DATASET EXTRACT:

%%

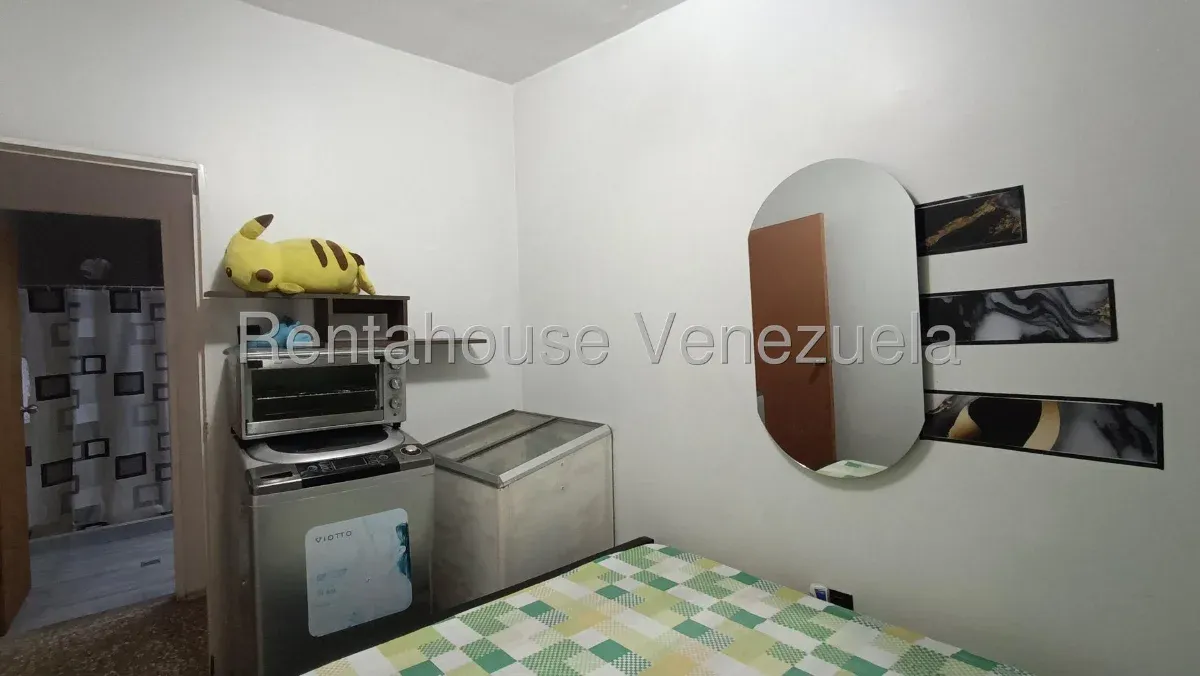 Excelente Oportunidad de Inversion Casa en Venta Urb. El Saman, Cagua, Edo. Aragua - 22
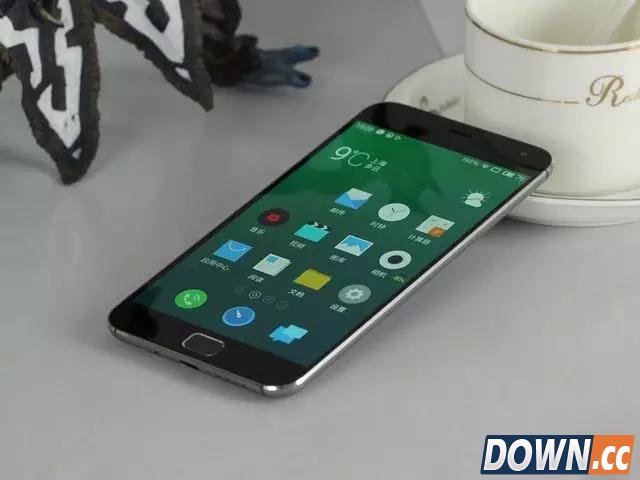 为什么外国人要购买中国智能手机?看外国友人的5点分析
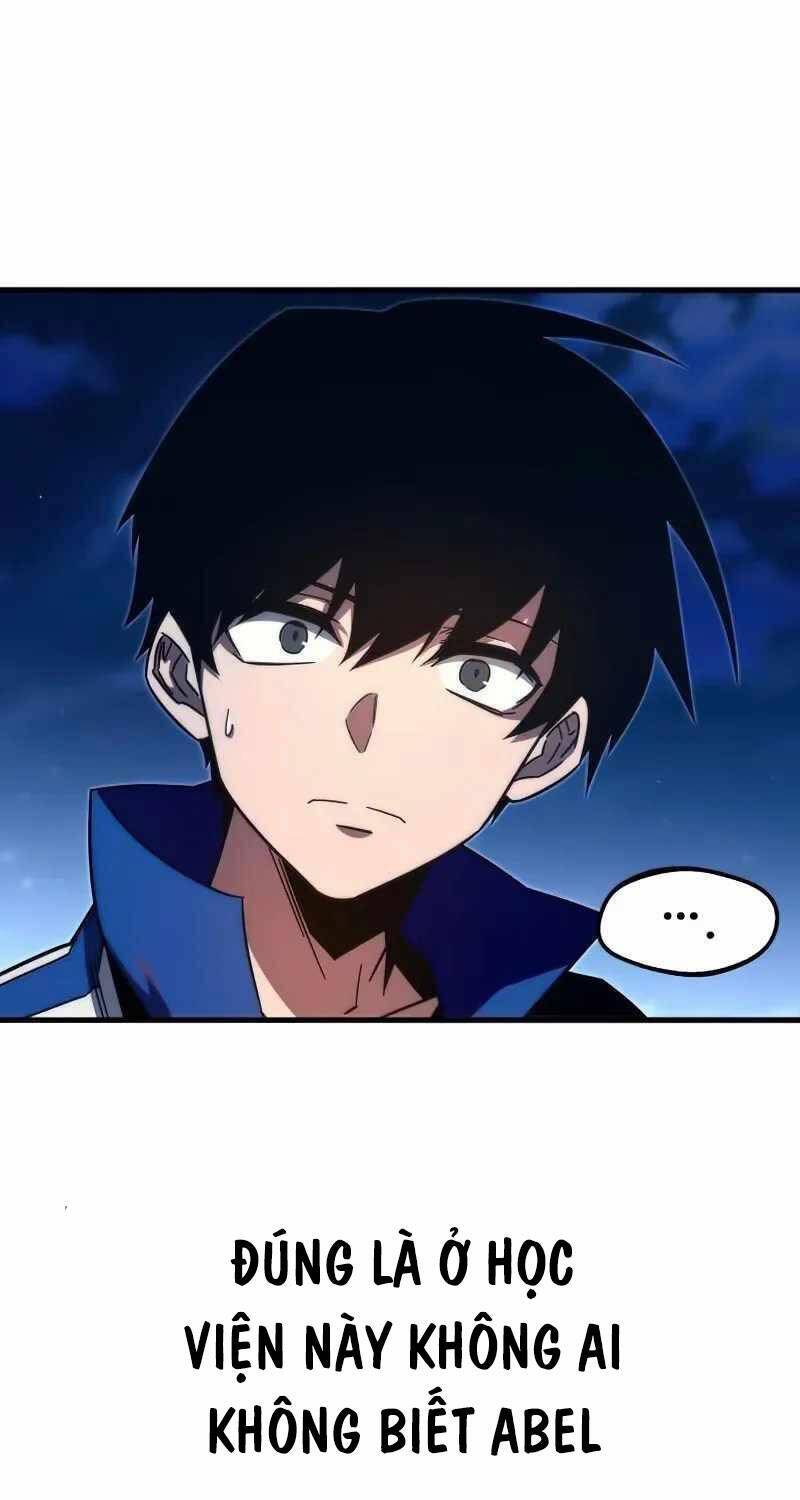 Thống Lĩnh Học Viện Chỉ Bằng Dao Sashimi - Chapter 8 - Page 5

%%

Find the line with "为什么外国人要购买中国智能手机?看外国友人的5点分析". Reproduce it and every line after it through the last line above exactly, leaving out the pictures.

TASK RESULT:
 为什么外国人要购买中国智能手机?看外国友人的5点分析
 Thống Lĩnh Học Viện Chỉ Bằng Dao Sashimi - Chapter 8 - Page 5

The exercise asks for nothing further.